Recorded information ->
──────

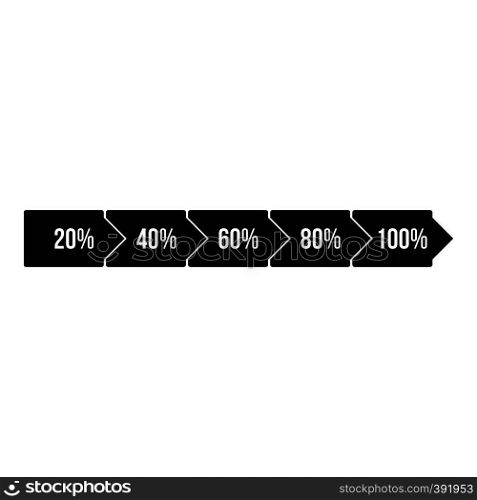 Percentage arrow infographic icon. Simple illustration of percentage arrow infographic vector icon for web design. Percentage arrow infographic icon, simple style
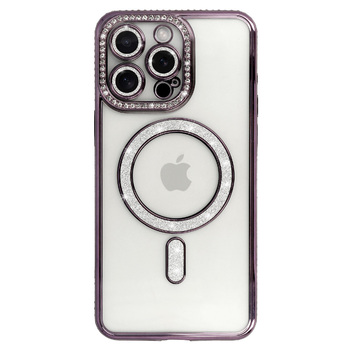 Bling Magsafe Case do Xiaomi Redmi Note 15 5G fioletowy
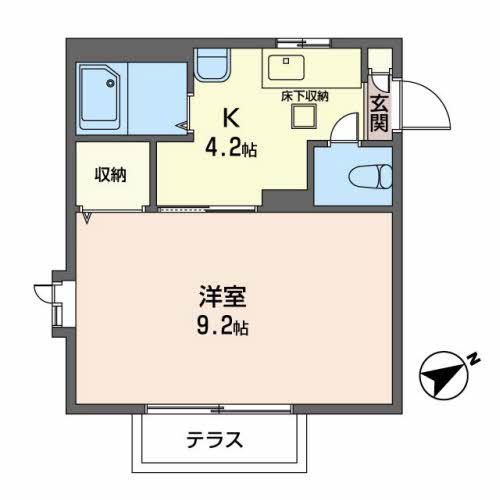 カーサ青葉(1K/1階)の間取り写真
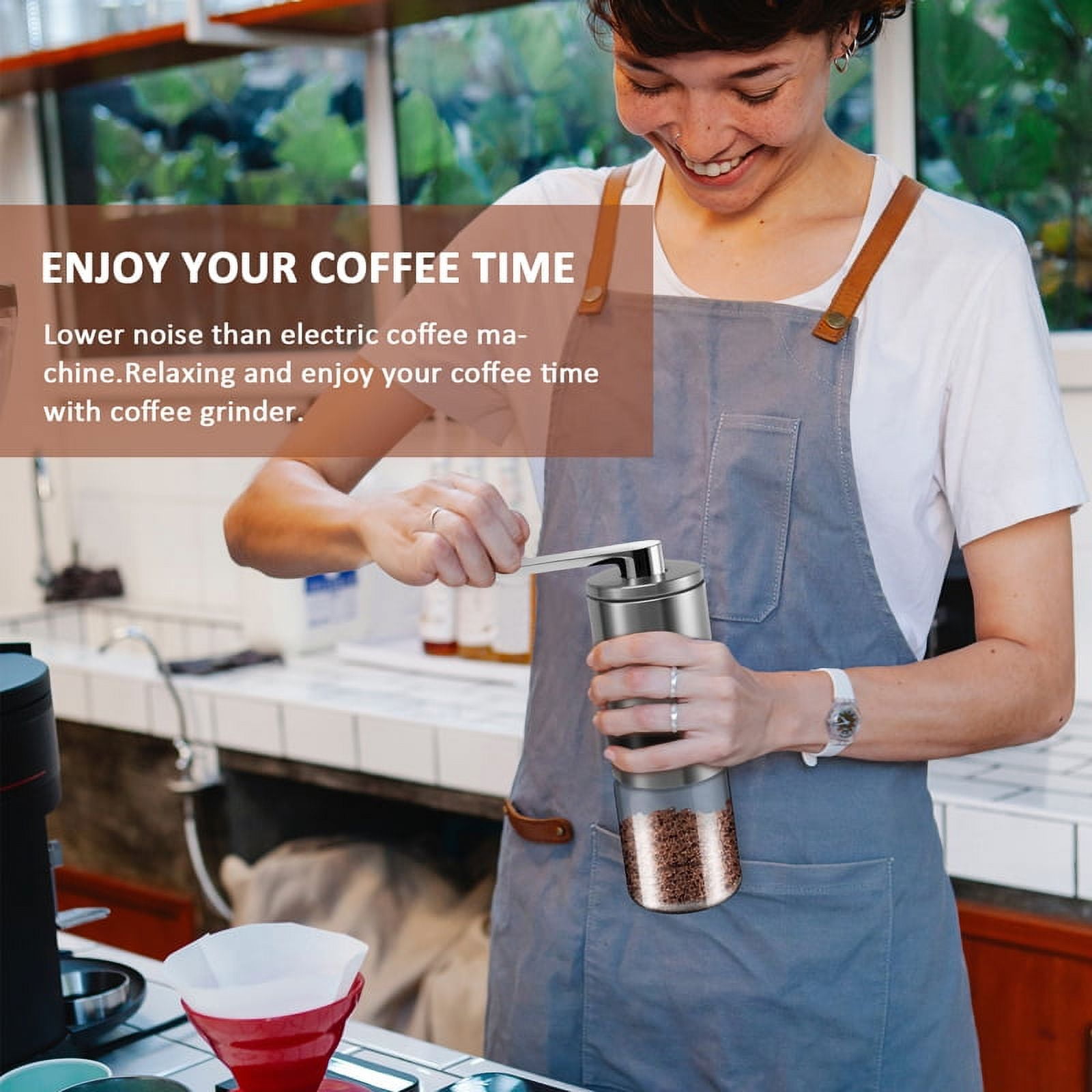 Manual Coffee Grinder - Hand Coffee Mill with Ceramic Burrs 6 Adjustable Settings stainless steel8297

──────

Exactly as written, give again every line from the one containing "カーサ青葉(1K/1階)の間取り写真" through the last line of the material, both included, with the pictures left out.

Written solution ->
 カーサ青葉(1K/1階)の間取り写真
 Manual Coffee Grinder - Hand Coffee Mill with Ceramic Burrs 6 Adjustable Settings stainless steel8297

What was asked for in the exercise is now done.